Dear Surly Amy,
My husband and I are atheists and we have raised our 3 children as atheists. As a youngster, my oldest forced my hand when it came to declaring myself as an atheist. He pushed me to examine my beliefs. He insisted we stop celebrating Christmas and rename it “Presents Day.” The guy is no hypocrite. I respect his intellectual integrity and willingness to look at the hard questions without rationalizing. This child had an existential crisis at age 6. My oldest is an adult now, and is doing well, yet he still struggles with his own mortality. How does one comfort a young child/young adult/themselves with regard to the finality of death? And the individuals (in)significance in the universe? Who among us doesn’t sometimes have fear and heart palpations at 3 AM when thinking about our own mortality?
This questions you raise immediately bring to mind a quote by Carl Sagan:
For me it is far better to grasp the Universe as it really is than to persist in delusion, however satisfying and reassuring.

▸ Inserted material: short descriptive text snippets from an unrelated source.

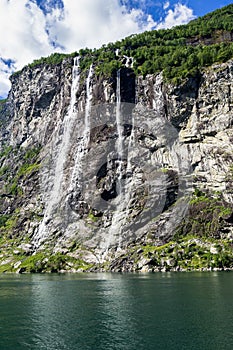 Vertical shot of The Seven Sisters waterfall in Geiranger Fjord Sunnmore More og Romsdal Norway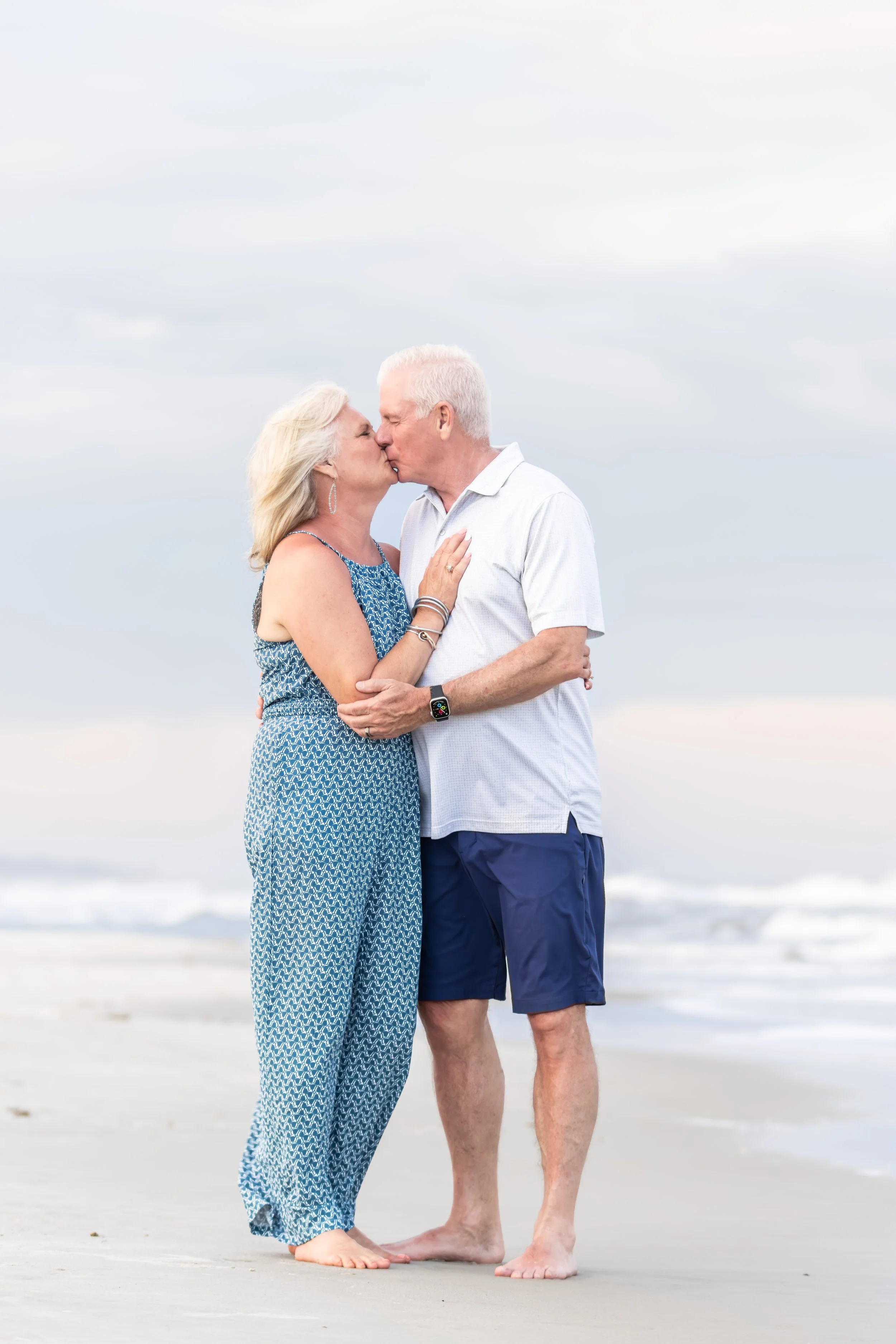 An elderly couple sharing a kiss on the beach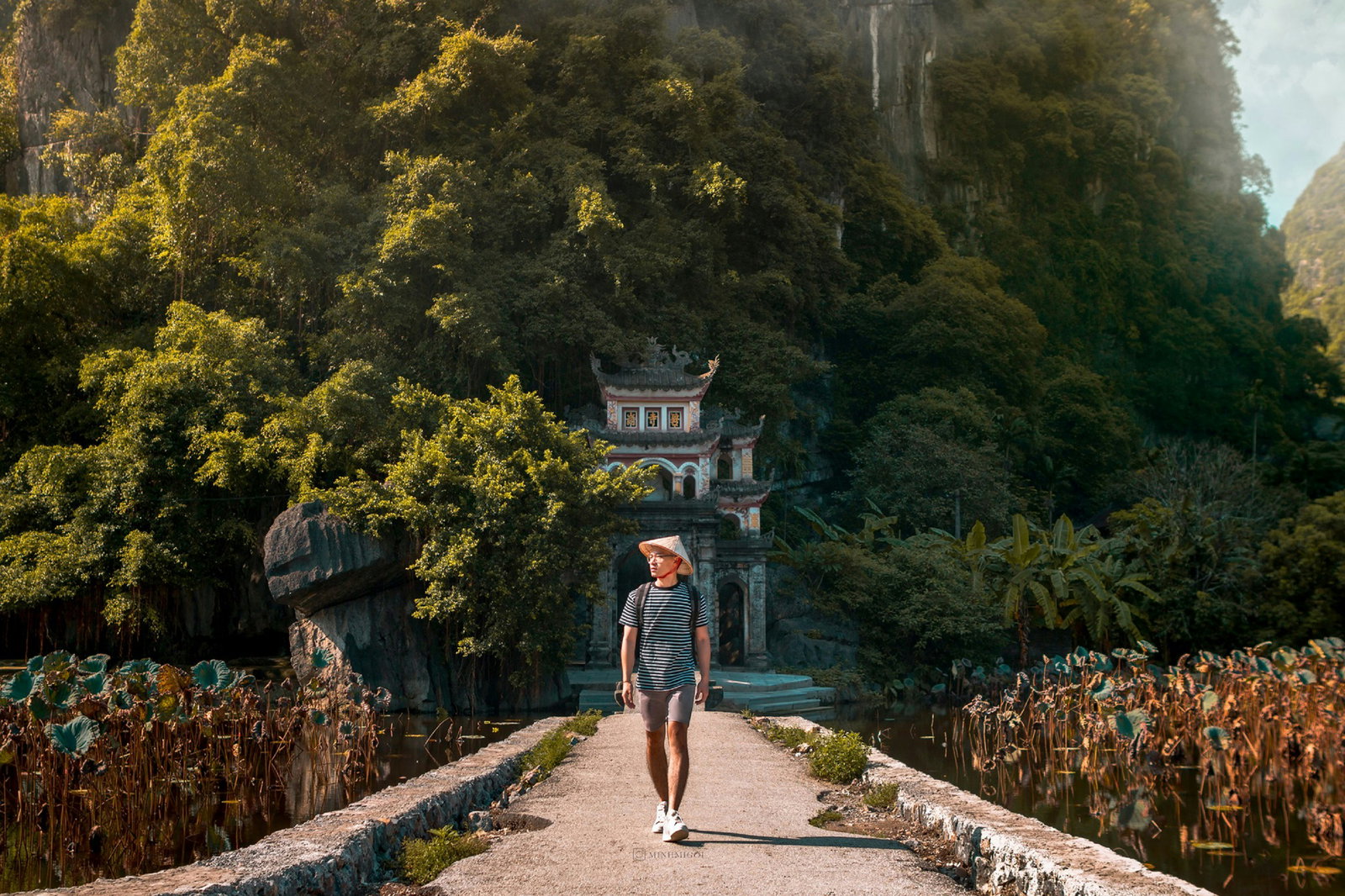 Traveller walking along a path in the Trang An Scenic Landscape Complex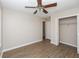 Cozy bedroom with wood floors, a ceiling fan, and a closet at 1184 Red Oak Cv, Tucker, GA 30084
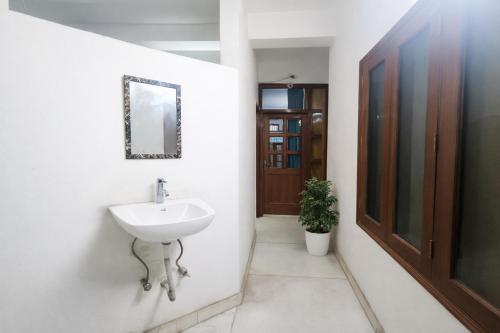 a bathroom with a sink and a mirror on the wall at Mauryan Express I Hotel Malviya Nagar in New Delhi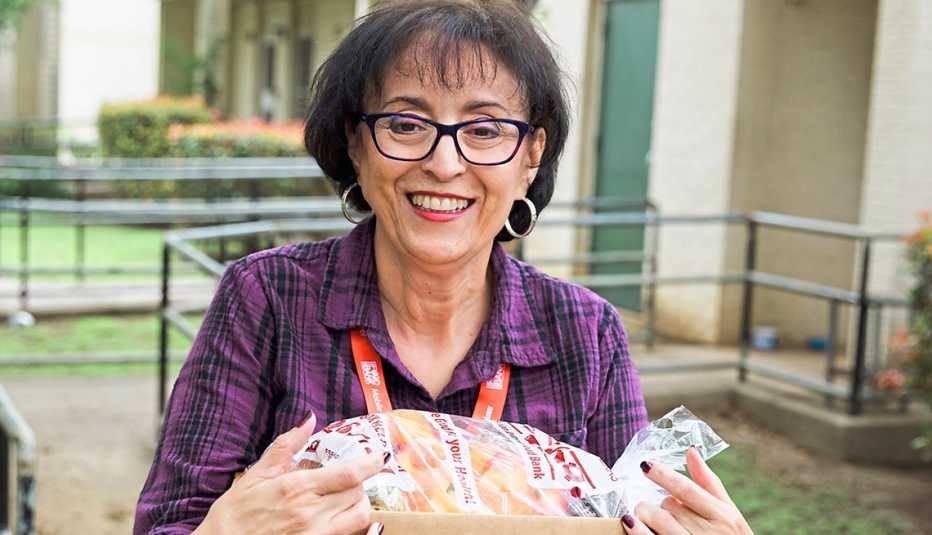 Mary Lustri sostiene una caja de comestibles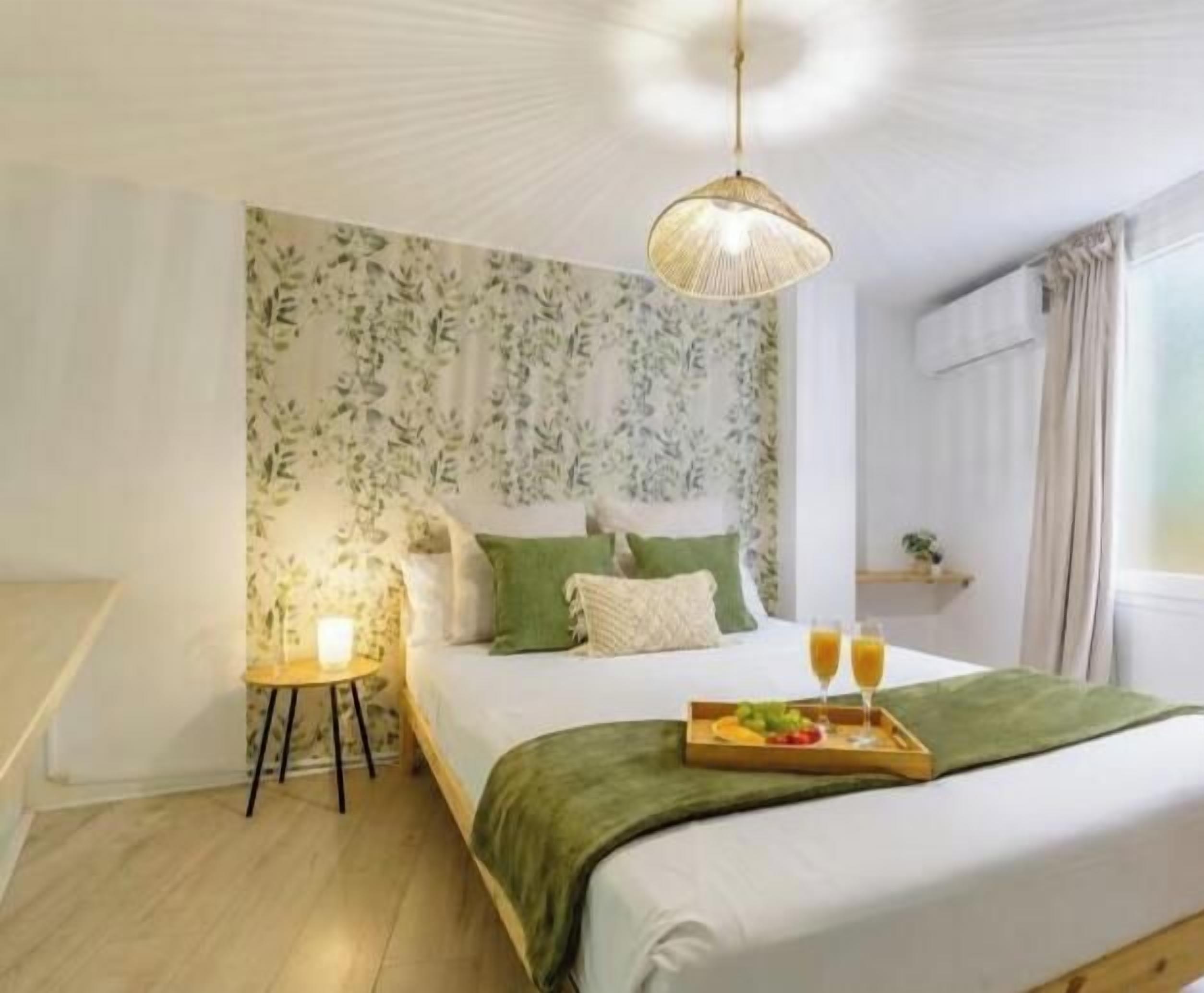 Ein Schlafzimmer mit einem Bett, einem Nachttisch, einer Lampe sowie einem Tablett mit Speisen und Getränken.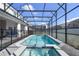 Enjoy the luxurious pool and spa area, complete with a screened enclosure and charming string lights for added ambiance at 4157 Lana Ave, Davenport, FL 33897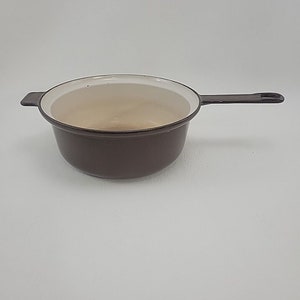 May include: A brown enameled cast iron saucepan with a white interior and a single handle.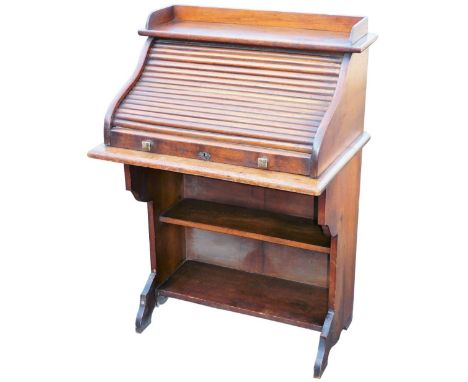 A 1920s oak tambour fronted single writing desk, of small proportion, the three part galleried top raised above a part fitted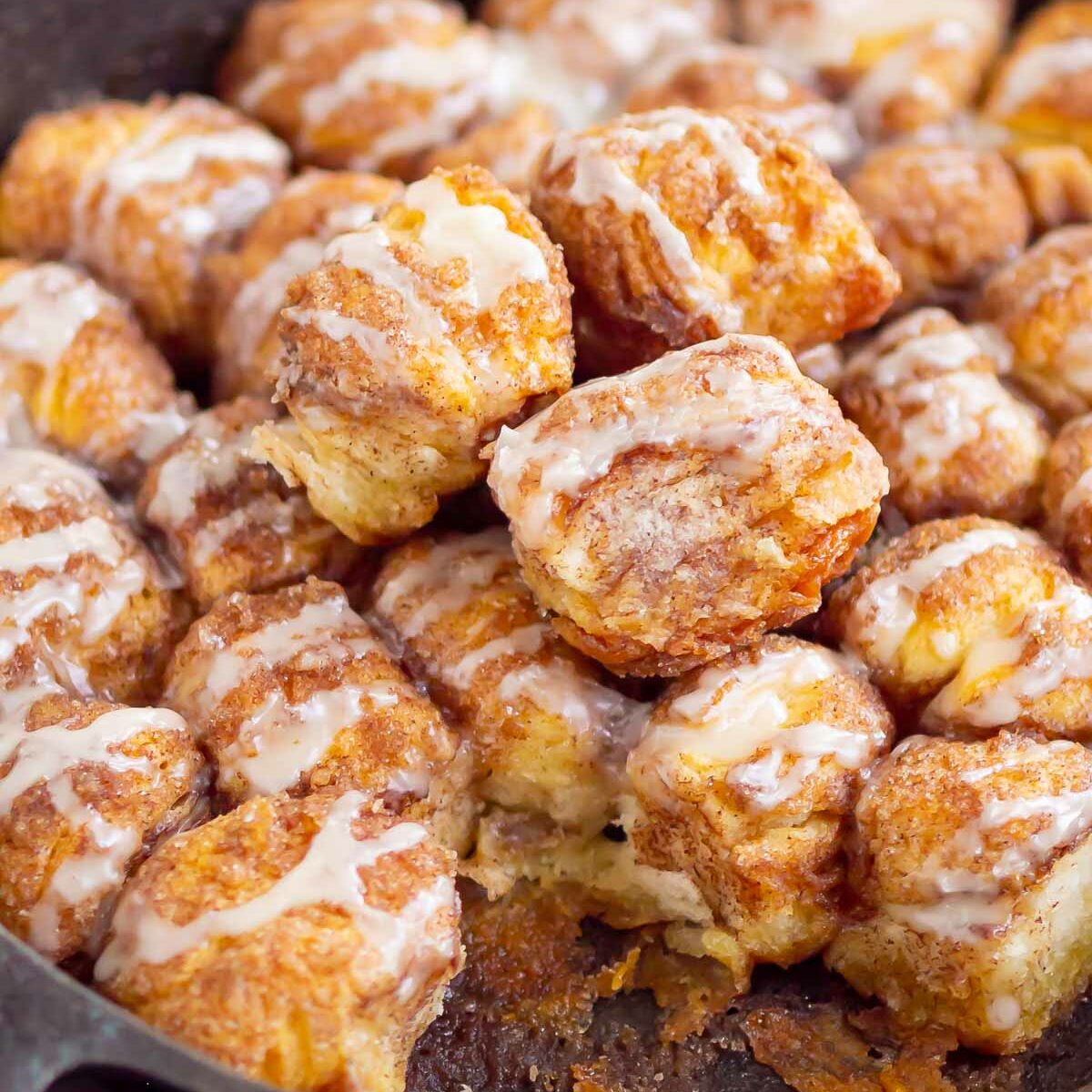 monkey bread with pieces taken out in a cast iron skillet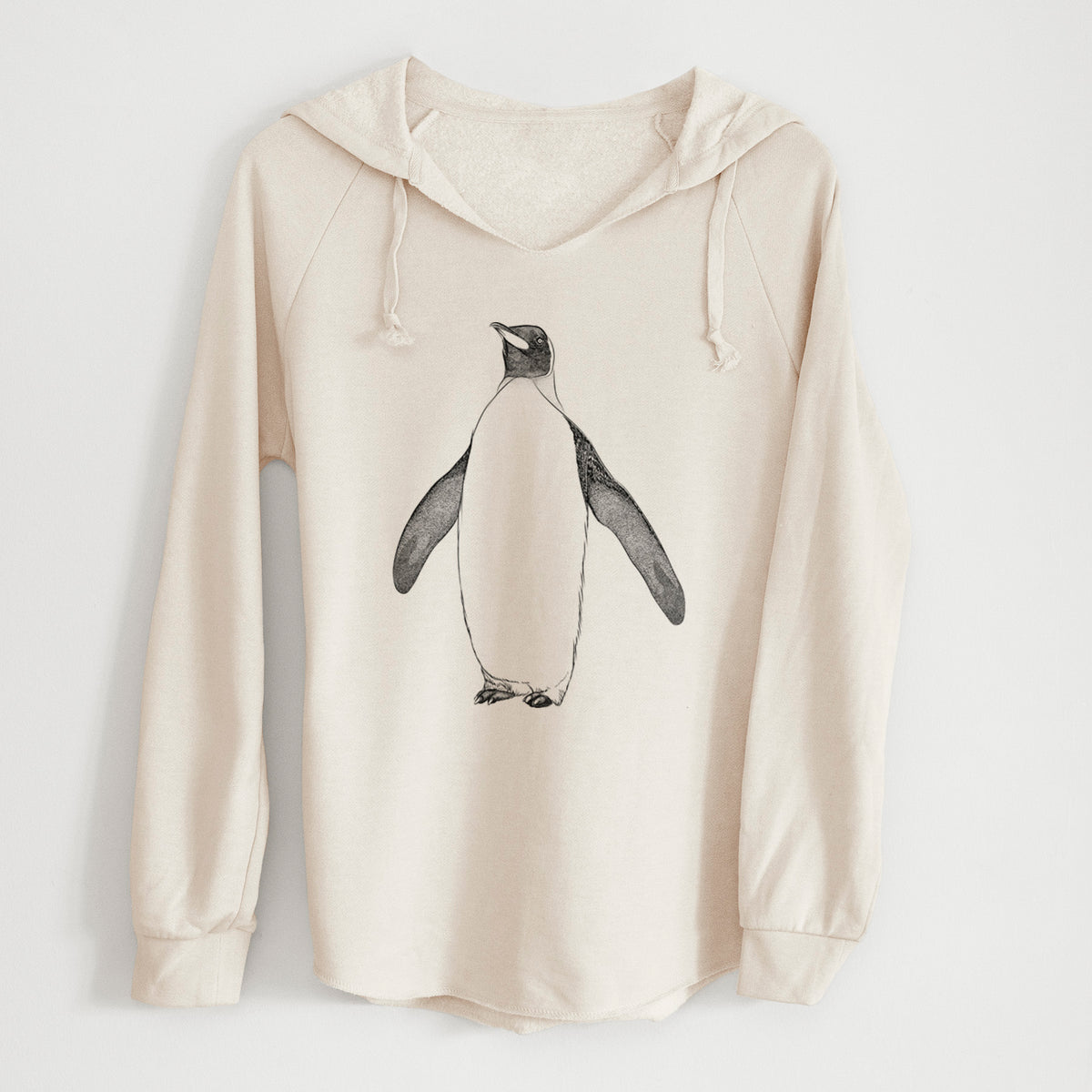 Bone cream women's Cali Wave hooded sweatshirt laid flat, printed with a black ink illustration of an emperor penguin standing.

Humans are aware of our own mortality and yes, it can be a difficult concept to wrap ones mind around in the wee hours of the night or even in the bright light of the daytime. We, every one of us, are going to die. That is a fact. Religions do a wonderful job of taking that fact and using it to weave a blindfold over the eyes of the faithful. Are those people happier? I don’t know. I suppose they are numbed to some of the pain and fear associated with losing a loved one or facing their own demise but I don’t think that the trade off is worth it at all. I agree with the words of Dr. Sagan and I would rather focus on the beautiful reality that all around us and the amazing statistical unlikeness of us even existing at all.
In the words of Richard Dawkins:
Excerpt from Chapter I, “The Anaesthetic of Familiarity,” of his 1998 book Unweaving the Rainbow
To live at all is miracle enough.
— Mervyn Peake,
The Glassblower (1950)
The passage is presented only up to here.